Dataset items:
------------------------------------

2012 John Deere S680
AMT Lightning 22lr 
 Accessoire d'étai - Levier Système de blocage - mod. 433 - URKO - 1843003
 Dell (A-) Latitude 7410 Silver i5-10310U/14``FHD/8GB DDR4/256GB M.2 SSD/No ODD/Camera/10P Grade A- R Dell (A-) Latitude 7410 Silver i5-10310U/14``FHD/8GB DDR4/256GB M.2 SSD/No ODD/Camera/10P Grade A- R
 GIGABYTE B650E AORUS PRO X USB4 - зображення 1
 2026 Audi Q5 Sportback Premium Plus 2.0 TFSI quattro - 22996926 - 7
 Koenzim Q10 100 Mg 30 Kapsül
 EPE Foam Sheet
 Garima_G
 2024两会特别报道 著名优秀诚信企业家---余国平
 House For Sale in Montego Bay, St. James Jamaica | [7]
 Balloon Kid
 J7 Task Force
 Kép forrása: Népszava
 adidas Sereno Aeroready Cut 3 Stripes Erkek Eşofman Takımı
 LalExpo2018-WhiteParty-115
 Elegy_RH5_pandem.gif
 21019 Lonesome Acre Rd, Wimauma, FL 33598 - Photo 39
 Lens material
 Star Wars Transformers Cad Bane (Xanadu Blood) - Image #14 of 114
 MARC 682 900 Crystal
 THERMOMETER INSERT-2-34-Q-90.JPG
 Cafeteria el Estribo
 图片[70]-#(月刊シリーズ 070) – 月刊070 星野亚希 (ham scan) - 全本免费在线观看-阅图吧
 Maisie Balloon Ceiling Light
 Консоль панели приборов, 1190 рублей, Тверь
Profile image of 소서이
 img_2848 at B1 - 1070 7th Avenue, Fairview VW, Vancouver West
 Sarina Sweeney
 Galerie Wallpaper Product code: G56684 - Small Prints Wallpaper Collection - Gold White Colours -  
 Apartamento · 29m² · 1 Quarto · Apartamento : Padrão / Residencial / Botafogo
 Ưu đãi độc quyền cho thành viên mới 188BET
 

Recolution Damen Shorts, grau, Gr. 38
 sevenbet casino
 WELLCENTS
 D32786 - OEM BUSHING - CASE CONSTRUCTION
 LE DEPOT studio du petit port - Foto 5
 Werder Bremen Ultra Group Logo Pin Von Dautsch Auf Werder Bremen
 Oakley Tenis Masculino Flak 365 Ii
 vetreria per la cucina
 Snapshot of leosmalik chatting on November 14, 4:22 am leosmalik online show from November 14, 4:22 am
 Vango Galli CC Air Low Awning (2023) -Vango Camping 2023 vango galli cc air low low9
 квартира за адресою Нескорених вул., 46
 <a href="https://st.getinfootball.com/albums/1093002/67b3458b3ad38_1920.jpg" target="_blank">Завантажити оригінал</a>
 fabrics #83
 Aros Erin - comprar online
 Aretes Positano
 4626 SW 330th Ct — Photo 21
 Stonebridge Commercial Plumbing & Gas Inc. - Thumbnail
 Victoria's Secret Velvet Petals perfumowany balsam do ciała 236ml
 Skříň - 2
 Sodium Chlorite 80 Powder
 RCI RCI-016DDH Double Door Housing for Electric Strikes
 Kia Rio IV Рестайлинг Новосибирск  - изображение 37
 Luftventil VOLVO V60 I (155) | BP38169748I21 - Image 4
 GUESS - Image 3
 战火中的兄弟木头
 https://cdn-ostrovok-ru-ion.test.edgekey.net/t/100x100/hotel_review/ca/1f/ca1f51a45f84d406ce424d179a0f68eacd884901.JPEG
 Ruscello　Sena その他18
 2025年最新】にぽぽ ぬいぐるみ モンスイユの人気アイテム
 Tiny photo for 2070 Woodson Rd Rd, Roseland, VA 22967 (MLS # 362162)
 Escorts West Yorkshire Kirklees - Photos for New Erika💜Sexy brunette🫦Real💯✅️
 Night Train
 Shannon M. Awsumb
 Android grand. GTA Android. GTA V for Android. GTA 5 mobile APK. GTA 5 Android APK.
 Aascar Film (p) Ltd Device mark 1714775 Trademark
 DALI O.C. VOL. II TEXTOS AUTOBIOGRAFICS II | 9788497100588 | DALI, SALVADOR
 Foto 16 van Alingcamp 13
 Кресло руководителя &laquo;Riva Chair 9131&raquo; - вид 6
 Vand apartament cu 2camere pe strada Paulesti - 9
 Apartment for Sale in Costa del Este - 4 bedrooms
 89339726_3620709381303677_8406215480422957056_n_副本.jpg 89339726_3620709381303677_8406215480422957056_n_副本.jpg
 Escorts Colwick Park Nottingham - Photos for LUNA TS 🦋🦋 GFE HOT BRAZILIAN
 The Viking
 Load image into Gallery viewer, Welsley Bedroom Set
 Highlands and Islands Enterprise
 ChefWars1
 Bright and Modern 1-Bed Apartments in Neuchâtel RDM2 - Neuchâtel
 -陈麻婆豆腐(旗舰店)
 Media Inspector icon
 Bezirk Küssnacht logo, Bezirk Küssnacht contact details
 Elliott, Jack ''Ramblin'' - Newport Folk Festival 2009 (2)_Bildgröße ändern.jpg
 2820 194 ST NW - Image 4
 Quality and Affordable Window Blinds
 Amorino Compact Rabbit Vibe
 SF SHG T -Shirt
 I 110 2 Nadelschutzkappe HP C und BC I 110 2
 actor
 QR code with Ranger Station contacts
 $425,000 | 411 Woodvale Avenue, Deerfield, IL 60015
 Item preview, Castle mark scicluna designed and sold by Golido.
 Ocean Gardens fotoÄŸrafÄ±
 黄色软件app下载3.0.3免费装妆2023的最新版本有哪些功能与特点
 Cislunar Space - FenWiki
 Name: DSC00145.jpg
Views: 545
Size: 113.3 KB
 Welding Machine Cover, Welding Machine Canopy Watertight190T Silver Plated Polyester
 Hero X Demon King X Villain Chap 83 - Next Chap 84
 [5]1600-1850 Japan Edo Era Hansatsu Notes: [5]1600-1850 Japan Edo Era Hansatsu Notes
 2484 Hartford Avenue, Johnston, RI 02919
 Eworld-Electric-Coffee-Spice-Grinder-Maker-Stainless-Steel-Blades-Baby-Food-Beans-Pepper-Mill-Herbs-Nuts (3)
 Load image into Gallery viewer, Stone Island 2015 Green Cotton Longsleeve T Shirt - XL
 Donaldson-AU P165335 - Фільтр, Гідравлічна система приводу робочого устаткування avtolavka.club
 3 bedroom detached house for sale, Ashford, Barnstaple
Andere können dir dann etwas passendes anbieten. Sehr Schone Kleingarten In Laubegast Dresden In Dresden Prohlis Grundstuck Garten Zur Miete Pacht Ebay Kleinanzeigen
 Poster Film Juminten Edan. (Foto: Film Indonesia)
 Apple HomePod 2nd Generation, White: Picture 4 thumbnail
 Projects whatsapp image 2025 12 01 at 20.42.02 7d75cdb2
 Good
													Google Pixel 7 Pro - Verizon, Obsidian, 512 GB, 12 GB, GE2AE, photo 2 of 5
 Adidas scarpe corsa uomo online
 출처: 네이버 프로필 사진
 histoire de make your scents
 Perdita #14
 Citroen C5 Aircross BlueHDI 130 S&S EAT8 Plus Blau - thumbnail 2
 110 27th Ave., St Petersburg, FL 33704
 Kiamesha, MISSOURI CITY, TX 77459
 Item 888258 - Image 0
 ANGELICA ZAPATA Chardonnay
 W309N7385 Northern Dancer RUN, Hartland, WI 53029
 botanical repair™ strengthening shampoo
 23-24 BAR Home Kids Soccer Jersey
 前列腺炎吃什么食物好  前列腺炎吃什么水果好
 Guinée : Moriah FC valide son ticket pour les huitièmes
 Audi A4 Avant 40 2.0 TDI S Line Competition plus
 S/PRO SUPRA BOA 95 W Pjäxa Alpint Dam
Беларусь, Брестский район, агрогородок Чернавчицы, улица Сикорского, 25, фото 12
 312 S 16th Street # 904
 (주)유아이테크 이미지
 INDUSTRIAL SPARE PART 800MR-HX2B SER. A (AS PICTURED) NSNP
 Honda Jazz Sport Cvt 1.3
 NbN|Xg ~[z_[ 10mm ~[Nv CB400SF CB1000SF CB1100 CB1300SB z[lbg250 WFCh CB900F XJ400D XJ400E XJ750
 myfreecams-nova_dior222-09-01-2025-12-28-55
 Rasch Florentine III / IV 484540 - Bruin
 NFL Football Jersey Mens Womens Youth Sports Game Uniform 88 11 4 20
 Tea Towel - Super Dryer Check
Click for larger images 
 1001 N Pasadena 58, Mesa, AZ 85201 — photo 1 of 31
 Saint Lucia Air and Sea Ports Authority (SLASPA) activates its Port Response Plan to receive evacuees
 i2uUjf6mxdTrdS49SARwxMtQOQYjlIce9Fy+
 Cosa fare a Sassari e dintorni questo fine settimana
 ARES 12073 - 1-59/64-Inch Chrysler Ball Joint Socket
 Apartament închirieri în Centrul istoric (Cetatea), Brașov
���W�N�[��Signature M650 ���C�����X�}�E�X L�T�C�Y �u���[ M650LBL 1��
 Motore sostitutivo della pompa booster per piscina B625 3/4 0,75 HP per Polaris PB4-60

------------------------------------

** Instructions to follow **
Using the records above, set down exactly the lines from the one with "SF SHG T -Shirt" through the one with "3 bedroom detached", inclusive, and nothing more.

** Task result **
 SF SHG T -Shirt
 I 110 2 Nadelschutzkappe HP C und BC I 110 2
 actor
 QR code with Ranger Station contacts
 $425,000 | 411 Woodvale Avenue, Deerfield, IL 60015
 Item preview, Castle mark scicluna designed and sold by Golido.
 Ocean Gardens fotoÄŸrafÄ±
 黄色软件app下载3.0.3免费装妆2023的最新版本有哪些功能与特点
 Cislunar Space - FenWiki
 Name: DSC00145.jpg
Views: 545
Size: 113.3 KB
 Welding Machine Cover, Welding Machine Canopy Watertight190T Silver Plated Polyester
 Hero X Demon King X Villain Chap 83 - Next Chap 84
 [5]1600-1850 Japan Edo Era Hansatsu Notes: [5]1600-1850 Japan Edo Era Hansatsu Notes
 2484 Hartford Avenue, Johnston, RI 02919
 Eworld-Electric-Coffee-Spice-Grinder-Maker-Stainless-Steel-Blades-Baby-Food-Beans-Pepper-Mill-Herbs-Nuts (3)
 Load image into Gallery viewer, Stone Island 2015 Green Cotton Longsleeve T Shirt - XL
 Donaldson-AU P165335 - Фільтр, Гідравлічна система приводу робочого устаткування avtolavka.club
 3 bedroom detached house for sale, Ashford, Barnstaple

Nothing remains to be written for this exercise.